Si pensi al fondamento del pensiero platonico: vi è una differenza evidente fra l'essere che non muta di origine parmenidea (constatazione razionale) e l'ente che muta nella realtà (constatazione empirica). Per superare questo scoglio, Platone commette il noto "Parricidio". Dal Parricidio commesso deriverà la divisione della struttura del Tutto in due parti: un mondo eterno, in cui ogni idea che viene percepita nella realtà non muta ed è incorruttibile, e un mondo fisico, diveniente, corruttibile, dove ogni cosa muta, cambia, nasce dal nulla e si distrugge. Questa struttura, per Derrida, si riscontra anche nel rapporto che si crea tra significante e significato (ovvero tra segno e senso attribuito al segno). La parola scritta è immutabile, il senso attribuibile alla parola è invece mutabile. A questo punto si avverte come il significante (il segno) indichi chiaramente l'immutabile, mentre il significato (il senso) muta in continuazione, poiché il segno è colto dal sensibile (dall'occhio, dal tatto, dall'udito), mentre il senso è colto dall'intelletto. Da questa scoperta, ovvero che nelle categorie linguistiche si "annida" sempre e comunque una meccanica platonico-metafisica, Derrida afferma che "l'epoca del segno è essenzialmente teologica", ovvero afferma che esiste una "complicità" necessaria tra la struttura linguistica che attribuisce un senso ad un segno e l'intenzione di fondare il mondo su una base stabile di origine divina. Derrida scrive questo: "Il segno e la divinità hanno lo stesso luogo e tempo di nascita. L'epoca del segno è essenzialmente teologica. Essa forse non finirà mai. La sua chiusura storica è tuttavia assegnata". Questo passo descrive bene il filo conduttore dell'intero pensiero di Derrida: la volontà di chiudere i conti con il passato metafisico, l'evocazione di una possibilità di superarlo e allo stesso tempo l'ammissione, anch'essa evocata, di un impossibilità del suo superamento. Le risposte di Derrida rimangono ugualmente in sospeso. Per concludere, l'intero discorso filosofico di Derrida è un tentativo di trovare un via che conduca oltre la tradizione filosofica occidentale.

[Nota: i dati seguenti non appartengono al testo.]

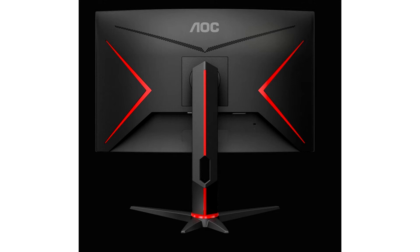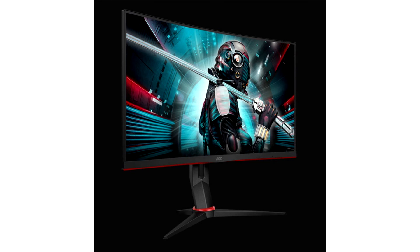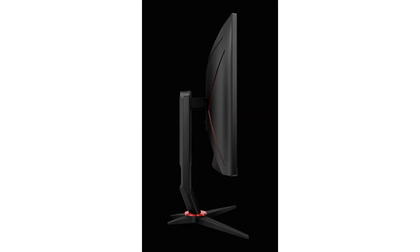Apart from that, specs are identical between the two. There's a 27-inch VA panel with 2560x1440 QHD resolution, a 144Hz refresh rate, and 1ms response time. There's FreeSync support, albeit in a limited range of 48Hz through 144Hz, so these monitors won't really help you keep fluidity at lower frames per second.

Benché Derrida stesso ammetta che è difficile porsi completamente fuori dal linguaggio posto in essere dalla filosofia greca, nel nome della storicità propria di ogni tradizione, egli cerca di smangiare e intaccare i margini di questa tradizione, per agevolare un probabile e possibile superamento della tradizione filosofica. Da
osservare infine che quanto è stato detto e scritto, nello spirito del
decostruzionismo è possibile di ulteriore decostruzione, in un processo
in cui i significati del testo possono continuamente essere rovesciati,
all'infinito.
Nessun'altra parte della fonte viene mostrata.